Enfim, nota-se como os métodos de luta do proletariado - greves, manifestações, bloqueios – são eficazes, esse movimento concreto afetou incisivamente a economia, - tanto que fez com que o próprio presidente censurasse a ação de seus apoiadores a fim de conter os danos e o descontentamento da burguesia - e a longo prazo a subsistência das pessoas e dos locais que dependem dos insumos e produtos barrados nas estradas. Não podemos ignorar o potencial dessas iniciativas, ainda que movidas por um objetivo ilusório de um governo “menos” corrupto, mais conservador que o eleito e que irão falhar pelo fato de que Bolsonaro não tem base econômica ou política para um golpe, se assim o fosse, ele teria feito sem mesmo o pedido de seus eleitores.

Nos últimos dias tem se visto também uma onda de manifestações bolsonaristas em resposta às urnas, contrariando o pensamento daqueles que buscavam frear o bolsonarismo, que agora, independe da figura de Bolsonaro estar na presidência ou não, é uma posição que contagiou parte das massas e da pequena-burguesia, fortalecendo o espírito nacionalista e incentivando a movimentação desses apoiadores utilizando os métodos de luta da classe e atos festivos.

Em Porto Alegre em frente ao quartel-general do Comando Militar do Sul (CMS) com carros de som, hinos, faixas e pedido de intervenção das forças armadas; também no Parcão, zona nobre da capital gaúcha, em prol das medidas de Bolsonaro como pacote anticrime e porte de armas. Nestas manifestações é possível ver mais o “Brazil” do que o “Brasil”, uma contradição em termos com o patriotismo exposto pelos bolsonaristas – bem como diversas frases escritas em inglês ("Help FF AA", "Against Dictatorship of STF" etc).

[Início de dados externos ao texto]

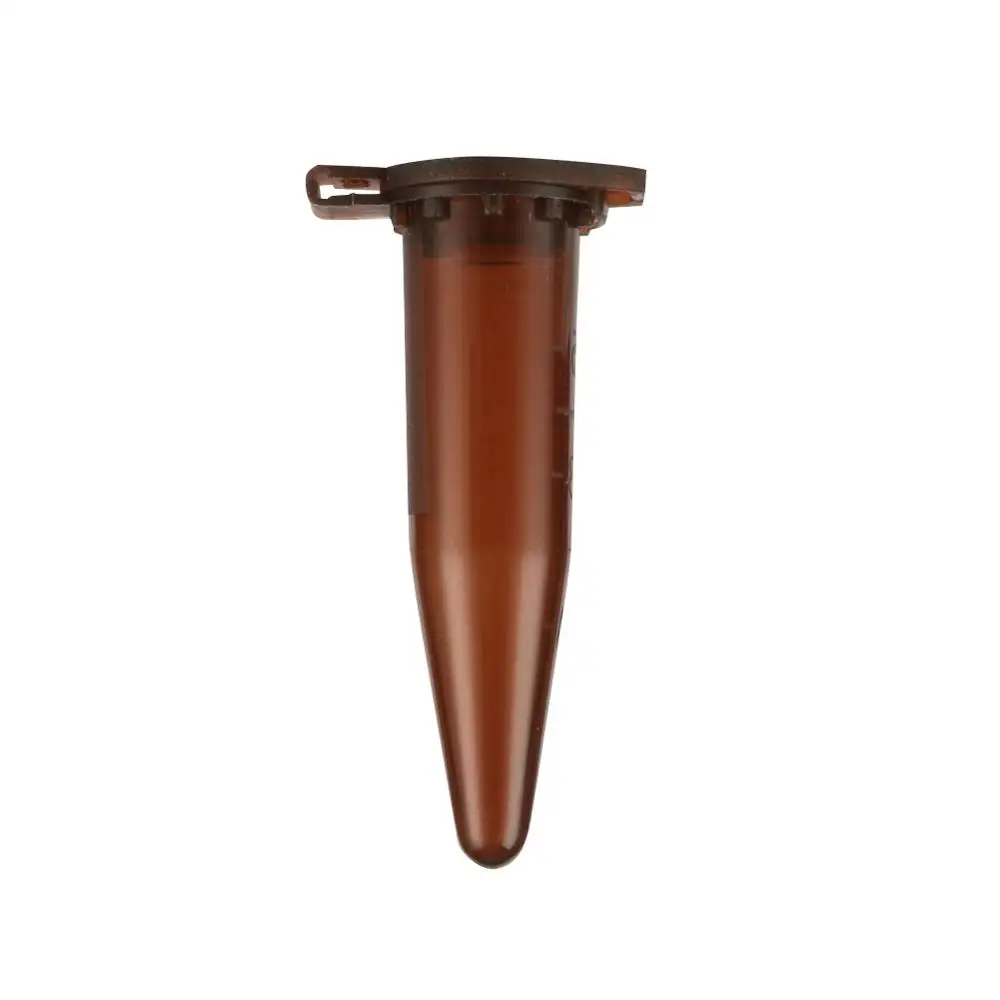 50Pcs Plastic 0.5ml Centrifuge Tube with Scale Brown ColorSnap Cap Cone Bottom Centrifugal Vial Laboratory Analysis Sample Vial plastic test tubes centrifuge tube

A curiosidade, no entanto, é que o Império Estado-unidense, regido pelo já oitentista Biden, não quer afetar a economia global com golpes tupiniquins em repúblicas de bananas em um momento em que não há conjuntura para isto.

Reforçamos: no momento.

O comunismo temido pelos bolsonaristas em Porto Alegre, 6 de novembro.

É diante desse cenário que a vanguarda da classe é obrigada a se erguer e chamar os trabalhadores, bem como os seus órgãos de luta, até mesmo a militância petista paralisada pela burocracia do PT, para organizar a autodefesa. A vanguarda precisa ser o alicate vermelho – instrumento libertador - no emaranhado de fios cinzentos em que se apresenta a luta de classes. Os operários, os camponeses, as classes médias e baixas, o exército do proletariado têm que se organizar pelas suas reivindicações em comum – empregos, salários, saúde, segurança, alimento – e colocar abaixo este sistema de espoliação, rumo a um futuro em que não se tem que pedir o mínimo.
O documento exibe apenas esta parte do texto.